Exercise aim. Would you repeat the data below exactly, taking out the images?

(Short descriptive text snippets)

/---

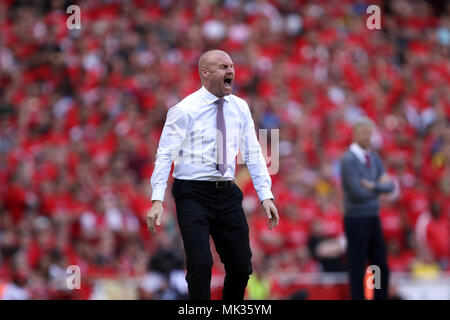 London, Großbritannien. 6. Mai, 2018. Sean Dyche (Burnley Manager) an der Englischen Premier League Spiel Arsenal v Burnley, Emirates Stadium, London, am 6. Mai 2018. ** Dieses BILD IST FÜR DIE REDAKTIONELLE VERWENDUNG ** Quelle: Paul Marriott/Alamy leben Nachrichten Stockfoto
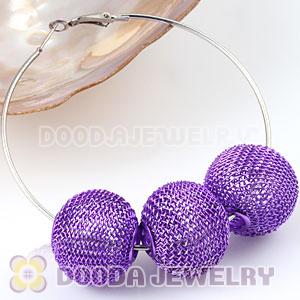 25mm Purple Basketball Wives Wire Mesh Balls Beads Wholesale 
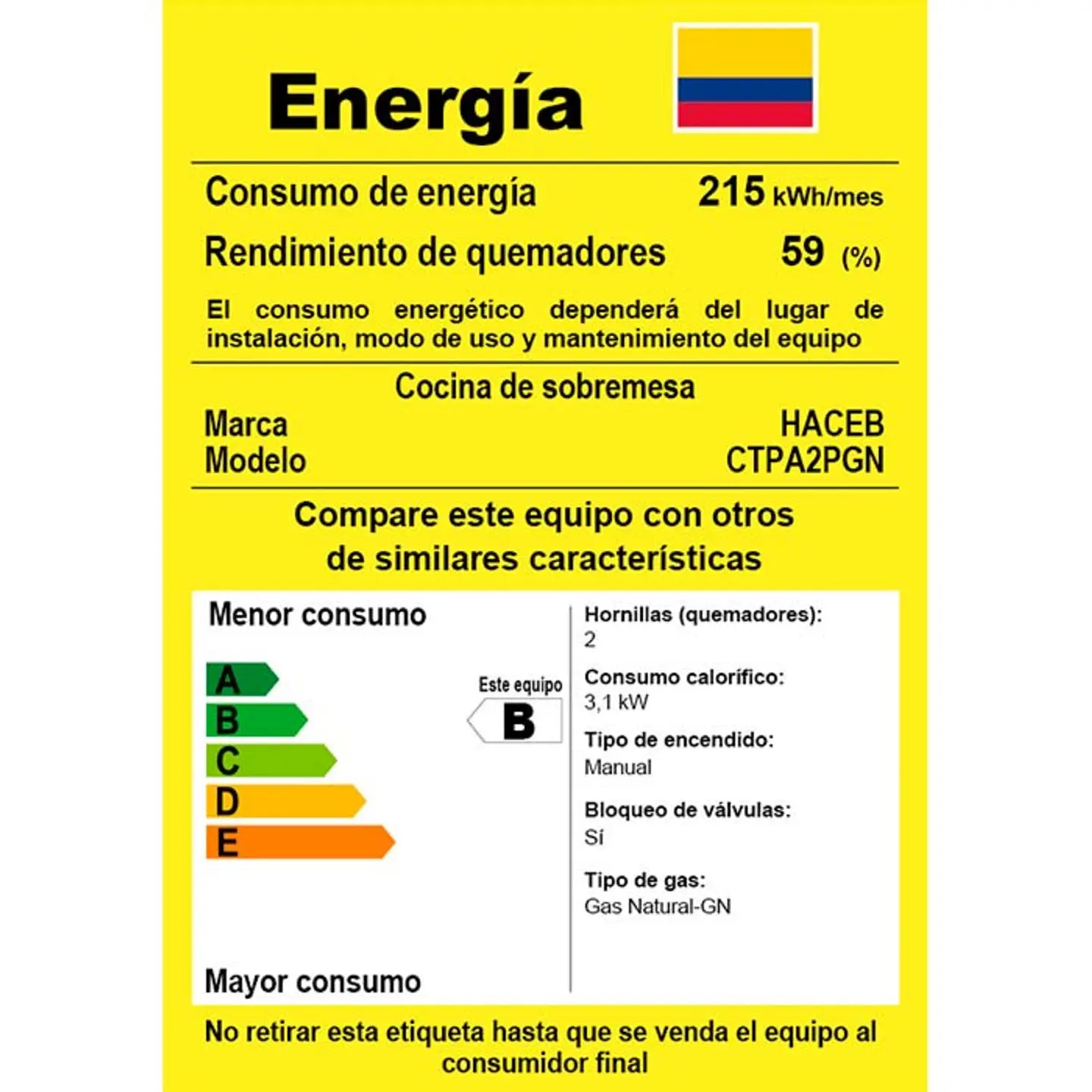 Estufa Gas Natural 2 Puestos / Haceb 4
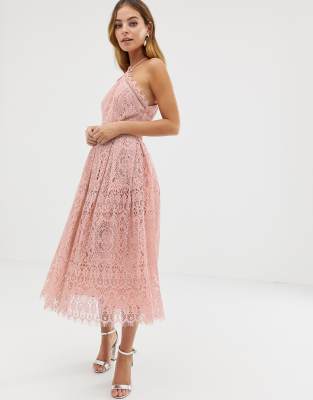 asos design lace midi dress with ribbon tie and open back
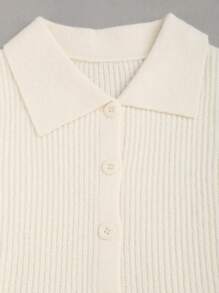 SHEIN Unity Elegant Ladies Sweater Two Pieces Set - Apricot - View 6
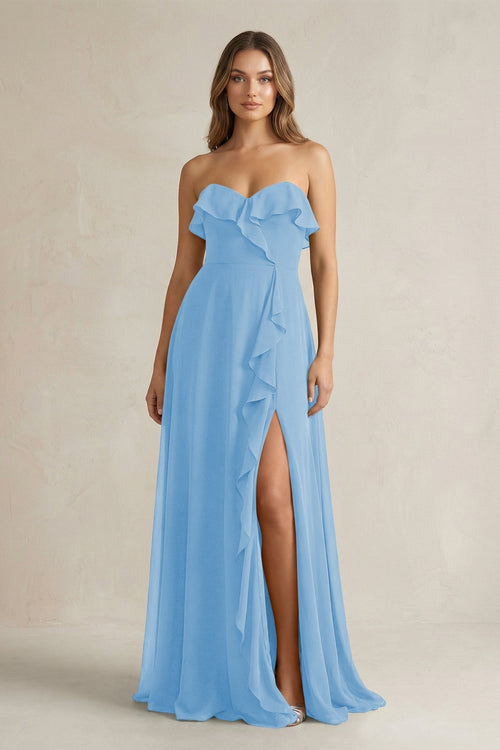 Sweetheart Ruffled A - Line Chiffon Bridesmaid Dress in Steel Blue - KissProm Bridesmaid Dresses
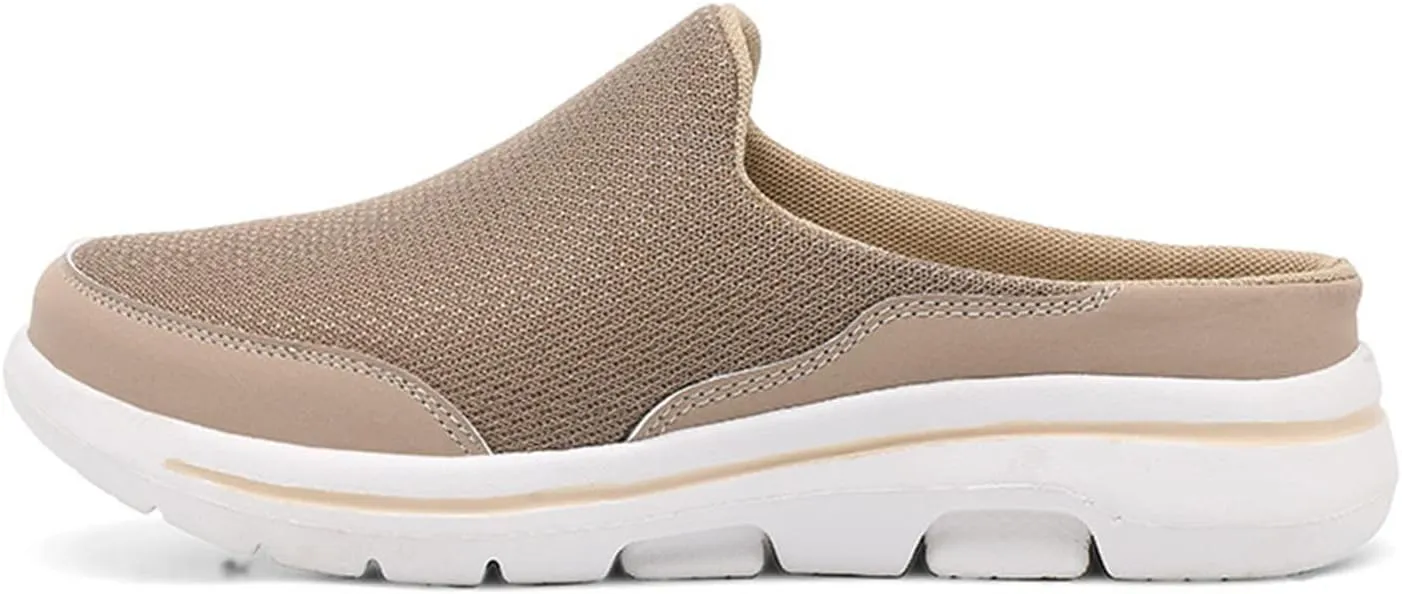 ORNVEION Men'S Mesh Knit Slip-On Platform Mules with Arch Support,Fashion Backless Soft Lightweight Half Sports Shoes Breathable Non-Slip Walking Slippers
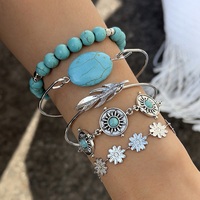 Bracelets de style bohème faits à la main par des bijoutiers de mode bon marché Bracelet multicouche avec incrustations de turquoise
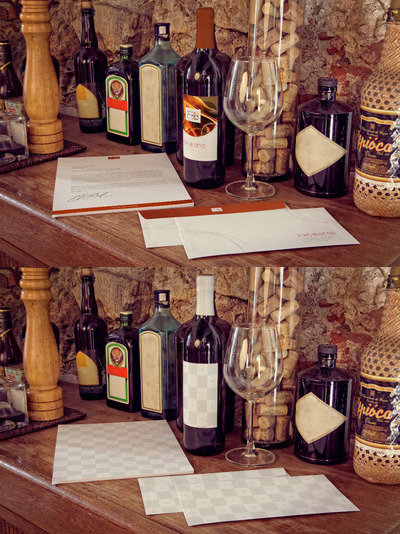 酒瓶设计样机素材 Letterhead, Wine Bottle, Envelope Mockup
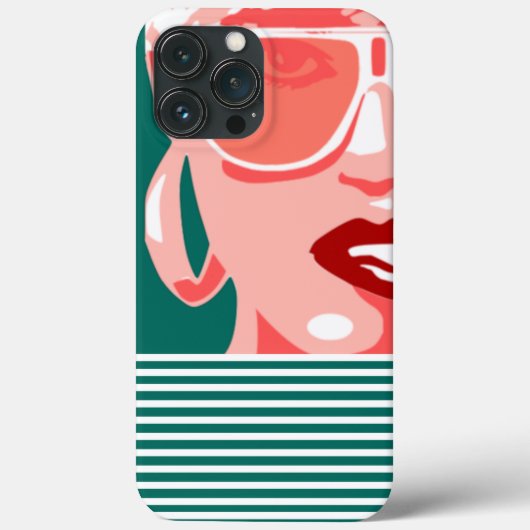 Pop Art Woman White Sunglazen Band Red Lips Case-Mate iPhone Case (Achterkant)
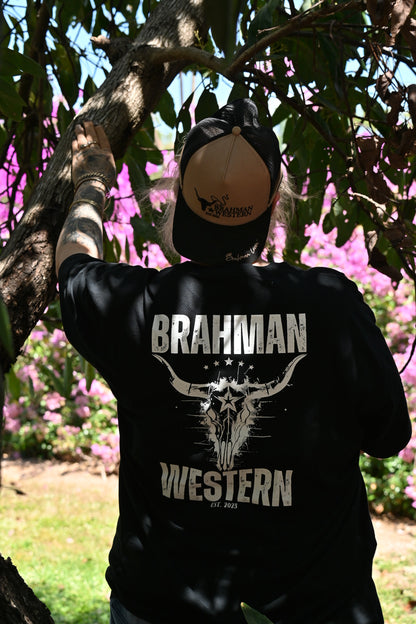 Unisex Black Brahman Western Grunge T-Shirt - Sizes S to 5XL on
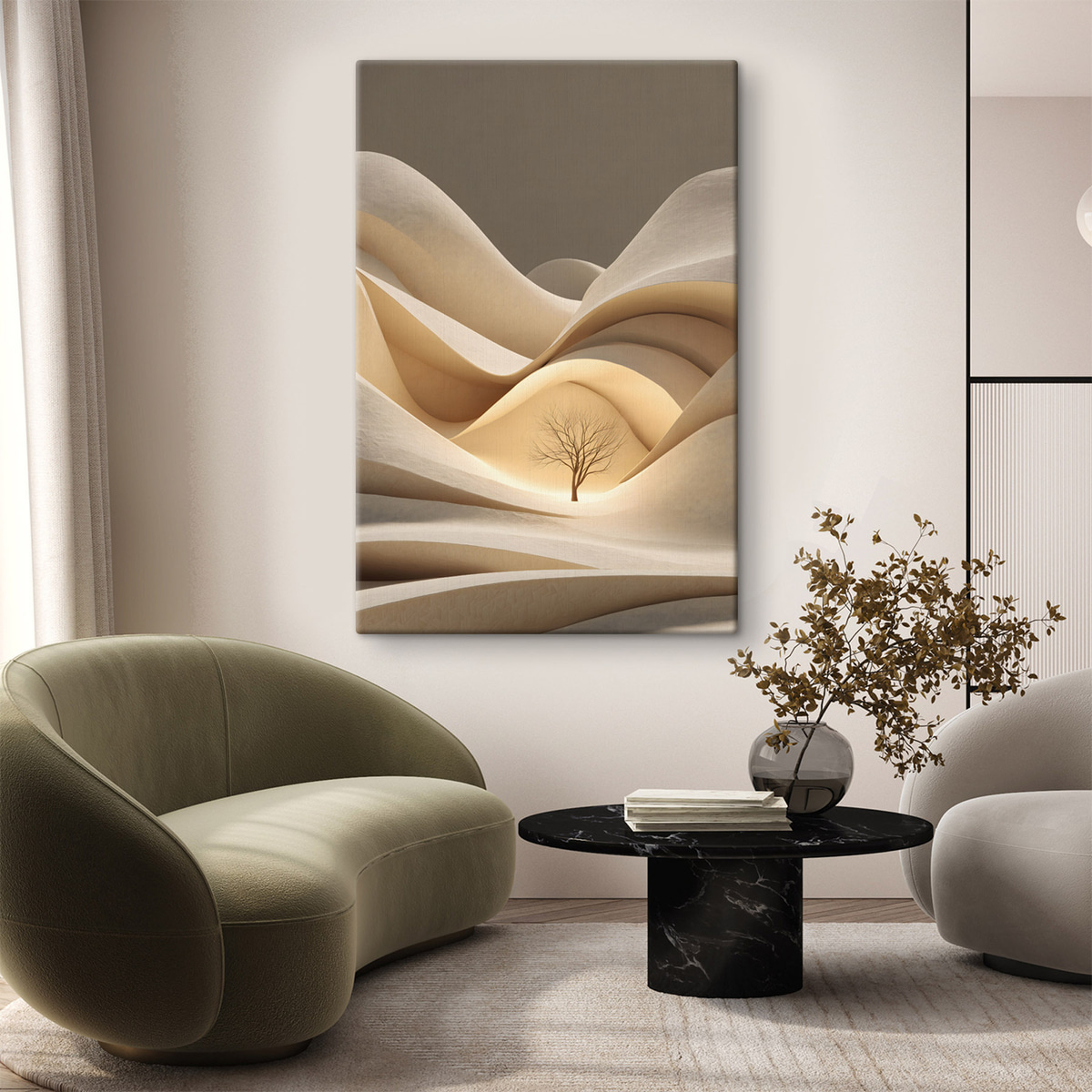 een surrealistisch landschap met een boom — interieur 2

\---

Your response.
 London, Großbritannien. 6. Mai, 2018. Sean Dyche (Burnley Manager) an der Englischen Premier League Spiel Arsenal v Burnley, Emirates Stadium, London, am 6. Mai 2018. ** Dieses BILD IST FÜR DIE REDAKTIONELLE VERWENDUNG ** Quelle: Paul Marriott/Alamy leben Nachrichten Stockfoto
 25mm Purple Basketball Wives Wire Mesh Balls Beads Wholesale 
 Estufa Gas Natural 2 Puestos / Haceb 4
 asos design lace midi dress with ribbon tie and open back
 SHEIN Unity Elegant Ladies Sweater Two Pieces Set - Apricot - View 6
 Sweetheart Ruffled A - Line Chiffon Bridesmaid Dress in Steel Blue - KissProm Bridesmaid Dresses
 ORNVEION Men'S Mesh Knit Slip-On Platform Mules with Arch Support,Fashion Backless Soft Lightweight Half Sports Shoes Breathable Non-Slip Walking Slippers
 Bracelets de style bohème faits à la main par des bijoutiers de mode bon marché Bracelet multicouche avec incrustations de turquoise
 酒瓶设计样机素材 Letterhead, Wine Bottle, Envelope Mockup
 Pop Art Woman White Sunglazen Band Red Lips Case-Mate iPhone Case (Achterkant)
 Unisex Black Brahman Western Grunge T-Shirt - Sizes S to 5XL on
 een surrealistisch landschap met een boom — interieur 2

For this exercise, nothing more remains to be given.